Internationally, Hearts Sold Separately reached number 73 on the ARIA Albums Chart in Australia and number 21 on the ARIA Hip Hop/R&B Albums Chart.

==Track listing==
Track listing adapted from Apple Music. All lyrics are written by Mariah Buckles, except for "Is It a Crime", written by Buckles and Karly Loaiza.
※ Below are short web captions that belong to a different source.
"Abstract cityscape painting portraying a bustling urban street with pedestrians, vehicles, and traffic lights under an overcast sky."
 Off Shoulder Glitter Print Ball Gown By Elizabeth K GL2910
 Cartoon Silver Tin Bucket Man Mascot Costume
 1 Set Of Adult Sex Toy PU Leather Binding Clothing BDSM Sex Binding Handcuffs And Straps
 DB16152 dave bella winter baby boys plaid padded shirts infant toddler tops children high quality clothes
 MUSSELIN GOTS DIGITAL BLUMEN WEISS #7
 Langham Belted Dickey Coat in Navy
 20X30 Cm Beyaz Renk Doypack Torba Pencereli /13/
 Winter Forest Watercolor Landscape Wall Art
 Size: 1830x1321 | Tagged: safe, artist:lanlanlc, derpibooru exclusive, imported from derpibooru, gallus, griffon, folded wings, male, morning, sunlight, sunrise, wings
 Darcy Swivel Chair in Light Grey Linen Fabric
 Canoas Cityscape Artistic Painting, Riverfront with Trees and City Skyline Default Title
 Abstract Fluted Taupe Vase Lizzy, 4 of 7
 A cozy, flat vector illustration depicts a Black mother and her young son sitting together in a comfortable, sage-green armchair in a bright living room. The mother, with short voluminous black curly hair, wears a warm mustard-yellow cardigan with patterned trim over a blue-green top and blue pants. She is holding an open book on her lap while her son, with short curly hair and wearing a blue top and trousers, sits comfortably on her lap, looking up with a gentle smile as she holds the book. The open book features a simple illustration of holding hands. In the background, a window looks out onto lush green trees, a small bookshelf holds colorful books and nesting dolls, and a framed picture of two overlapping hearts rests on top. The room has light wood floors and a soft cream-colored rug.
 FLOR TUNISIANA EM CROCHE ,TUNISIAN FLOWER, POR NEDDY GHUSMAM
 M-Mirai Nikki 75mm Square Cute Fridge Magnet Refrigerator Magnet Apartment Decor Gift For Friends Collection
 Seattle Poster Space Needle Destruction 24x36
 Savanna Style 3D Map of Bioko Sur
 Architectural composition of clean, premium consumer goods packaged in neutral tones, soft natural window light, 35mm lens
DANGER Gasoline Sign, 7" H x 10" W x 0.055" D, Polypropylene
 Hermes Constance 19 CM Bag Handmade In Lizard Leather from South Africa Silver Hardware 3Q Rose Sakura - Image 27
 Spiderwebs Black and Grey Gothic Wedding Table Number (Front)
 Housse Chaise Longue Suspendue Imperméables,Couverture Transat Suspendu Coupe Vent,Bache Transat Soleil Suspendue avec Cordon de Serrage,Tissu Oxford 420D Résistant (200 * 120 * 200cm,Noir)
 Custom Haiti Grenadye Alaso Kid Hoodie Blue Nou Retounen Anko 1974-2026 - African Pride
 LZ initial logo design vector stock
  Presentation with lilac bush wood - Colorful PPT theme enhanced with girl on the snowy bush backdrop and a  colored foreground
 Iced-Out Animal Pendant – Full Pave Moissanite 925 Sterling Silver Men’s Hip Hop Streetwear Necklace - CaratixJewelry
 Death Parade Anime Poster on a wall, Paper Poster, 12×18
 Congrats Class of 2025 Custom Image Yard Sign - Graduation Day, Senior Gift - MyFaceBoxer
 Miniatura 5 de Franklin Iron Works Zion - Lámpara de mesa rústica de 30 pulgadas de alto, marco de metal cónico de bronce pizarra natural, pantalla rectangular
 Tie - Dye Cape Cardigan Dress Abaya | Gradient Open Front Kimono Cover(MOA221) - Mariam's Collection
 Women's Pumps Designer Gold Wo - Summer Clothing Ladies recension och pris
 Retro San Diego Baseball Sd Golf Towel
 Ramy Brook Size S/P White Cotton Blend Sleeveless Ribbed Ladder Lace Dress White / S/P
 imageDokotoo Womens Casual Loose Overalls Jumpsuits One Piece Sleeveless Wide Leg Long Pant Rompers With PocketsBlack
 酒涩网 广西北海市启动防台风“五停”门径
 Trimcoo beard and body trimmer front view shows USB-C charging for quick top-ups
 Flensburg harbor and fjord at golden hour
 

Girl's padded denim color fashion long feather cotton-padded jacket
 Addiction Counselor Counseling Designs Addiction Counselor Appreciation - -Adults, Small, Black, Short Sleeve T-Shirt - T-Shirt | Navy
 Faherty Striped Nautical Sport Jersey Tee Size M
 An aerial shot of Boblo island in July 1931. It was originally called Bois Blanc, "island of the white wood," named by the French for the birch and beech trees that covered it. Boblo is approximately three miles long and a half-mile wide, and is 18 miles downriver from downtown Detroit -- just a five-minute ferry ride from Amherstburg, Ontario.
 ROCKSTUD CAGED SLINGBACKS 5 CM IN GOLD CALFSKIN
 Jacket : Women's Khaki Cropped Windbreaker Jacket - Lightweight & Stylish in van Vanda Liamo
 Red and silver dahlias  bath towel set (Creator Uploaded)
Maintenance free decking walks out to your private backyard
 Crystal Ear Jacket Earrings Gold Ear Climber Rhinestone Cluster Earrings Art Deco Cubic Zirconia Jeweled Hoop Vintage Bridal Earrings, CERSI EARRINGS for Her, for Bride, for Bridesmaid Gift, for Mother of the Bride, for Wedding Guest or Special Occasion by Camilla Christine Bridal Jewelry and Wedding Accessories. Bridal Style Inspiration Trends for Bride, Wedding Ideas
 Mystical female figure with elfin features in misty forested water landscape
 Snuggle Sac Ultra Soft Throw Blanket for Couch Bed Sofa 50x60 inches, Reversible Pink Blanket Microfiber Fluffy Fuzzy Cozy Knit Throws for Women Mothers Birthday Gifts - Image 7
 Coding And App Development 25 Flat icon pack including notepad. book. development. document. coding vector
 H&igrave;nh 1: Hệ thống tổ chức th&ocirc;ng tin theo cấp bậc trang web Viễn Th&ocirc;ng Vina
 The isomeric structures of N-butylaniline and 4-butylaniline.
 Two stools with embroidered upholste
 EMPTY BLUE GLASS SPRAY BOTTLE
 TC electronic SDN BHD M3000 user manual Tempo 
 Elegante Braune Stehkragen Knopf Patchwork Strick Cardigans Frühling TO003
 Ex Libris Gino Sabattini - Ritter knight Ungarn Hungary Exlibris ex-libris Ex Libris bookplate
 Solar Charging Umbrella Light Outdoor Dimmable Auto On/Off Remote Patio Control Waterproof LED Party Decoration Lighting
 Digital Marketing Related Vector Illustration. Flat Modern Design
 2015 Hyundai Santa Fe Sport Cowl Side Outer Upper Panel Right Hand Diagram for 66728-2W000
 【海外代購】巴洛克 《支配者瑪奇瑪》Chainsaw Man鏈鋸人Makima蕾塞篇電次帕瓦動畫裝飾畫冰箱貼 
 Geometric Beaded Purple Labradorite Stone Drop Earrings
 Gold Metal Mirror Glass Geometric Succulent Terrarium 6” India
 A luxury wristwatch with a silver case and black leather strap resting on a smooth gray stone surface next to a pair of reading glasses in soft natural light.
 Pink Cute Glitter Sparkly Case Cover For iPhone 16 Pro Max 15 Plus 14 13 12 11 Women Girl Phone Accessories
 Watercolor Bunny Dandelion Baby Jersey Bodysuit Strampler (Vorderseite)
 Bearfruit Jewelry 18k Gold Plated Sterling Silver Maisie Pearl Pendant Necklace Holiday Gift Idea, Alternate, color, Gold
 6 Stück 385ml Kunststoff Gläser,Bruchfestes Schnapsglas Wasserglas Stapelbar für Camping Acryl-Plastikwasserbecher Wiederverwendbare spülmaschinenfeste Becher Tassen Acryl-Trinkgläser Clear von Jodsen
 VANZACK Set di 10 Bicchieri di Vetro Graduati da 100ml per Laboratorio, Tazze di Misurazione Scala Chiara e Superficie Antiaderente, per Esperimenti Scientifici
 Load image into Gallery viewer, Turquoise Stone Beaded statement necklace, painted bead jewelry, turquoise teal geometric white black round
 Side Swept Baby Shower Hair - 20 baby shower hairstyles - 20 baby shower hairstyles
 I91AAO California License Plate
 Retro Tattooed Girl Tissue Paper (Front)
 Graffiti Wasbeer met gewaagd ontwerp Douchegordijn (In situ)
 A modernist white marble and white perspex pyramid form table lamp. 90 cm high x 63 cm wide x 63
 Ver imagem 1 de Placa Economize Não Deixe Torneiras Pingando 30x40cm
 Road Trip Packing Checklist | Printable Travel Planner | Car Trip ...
| No. | Title | Music | Producer(s) | Length |
|---|---|---|---|---|
| 1. | "Sacrifice" | Paul Jefferies; | Nineteen85 | 3:18 |
| 2. | "United Nations + 1000 Ways to Die" | Jefferies; Rogét Chahayed; Victor Truta; Lucas Cardi; | Nineteen85; Chahayed; Victrue; Kospel; | 3:45 |
| 3. | "Eternal Flame" | Jefferies | Nineteen85 | 3:33 |
| 4. | "Is It a Crime" (with Kali Uchis) | Buckles; Loaiza; Oliver Easton; Matthew Worthem; Jefferies; | Easton; Mat1k; Nineteen85^{[a]}; Austen Jux-Chandler^{[b]}; Treedott^{[b]}; | 3:01 |
| 5. | "Burning Blue" | Buckles | Nineteen85; Jetski Purp; | 3:26 |
| 6. | "All I Want + In Pursuit" | Jefferies | Nineteen85 | 4:01 |
| 7. | "More" | Jefferies; Jason Kellner; Anand Joshi; | Nineteen85; Jay Century^{[a]}; Ajax^{[a]}; | 3:19 |
| 8. | "Rainy Days" | Jefferies; Kenneth Vaughn Jr.; | Nineteen85; Jay Rewind; | 3:32 |
| 9. | "Like You Never" | Nesbitt Wesonga Jr.; Jefferies; | Nez; Nineteen85^{[a]}; | 3:31 |
| 10. | "No More Entertainers" | Jefferies; London Holmes; | Nineteen85; London on da Track; | 3:43 |
| Total length: |  |  |  | 35:09 |

===Notes===
- signifies a co-producer
- signifies a vocal producer

==Personnel==
Credits adapted from Tidal.

===Musicians===
- Mariah the Scientist – vocals
- Nineteen85 – drum machine, keyboards (tracks 1, 4); instrumentation (2, 3, 6–9)
- Camille Harris – background vocals (1–3, 7, 8)
- Kim Davis – background vocals (1–3, 7, 8)
- Rogét Chahayed – instrumentation (2)
- Victrue – instrumentation (2)
- Kospel – instrumentation (2)
- Mat1k – drum machine, keyboards (4)
- Oliver Easton – drum machine, keyboards (4)
- Ajax – keyboards (7)
- Jay Century – keyboards (7)
- Jay Rewind – instrumentation (8)
- Nez – instrumentation (9)
- Aaron Manswell – strings (10)

===Technical===
- Rob Bisel – mixing (1, 5)
- Jimmy Douglass – mixing (2–4, 6–10)
- Chris Gehringer – mastering (1–3, 5, 7–10)
- Mike Bozzi – mastering (4)
- Natalie D'Orlando – engineering
- Tanner "Treedott" Ott – engineering
- Jeff Crake – engineering (1–3, 7–9)
- Jasmine Chen – engineering (4)
- Ken Oriole – engineering (10)
- Walker Steele – mixing assistance (1, 10)

==Charts==

===Weekly charts===

Weekly chart performance for Hearts Sold Separately
| Chart (2025–2026) | Peak position |
|---|---|
| Australian Albums (ARIA) | 73 |
| Australian Hip Hop/R&B Albums (ARIA) | 13 |
| US Billboard 200 | 11 |
| US Top R&B/Hip-Hop Albums (Billboard) | 3 |

===Year-end charts===

Year-end chart performance for Hearts Sold Separately
| Chart (2025) | Position |
|---|---|
| US Top R&B/Hip-Hop Albums (Billboard) | 75 |

==Certifications==

Certifications for Hearts Sold Separately
| Region | Certification | Certified units/sales |
| United States (RIAA) | Gold | 500,000^{‡} |
^{‡} Sales+streaming figures based on certification alone.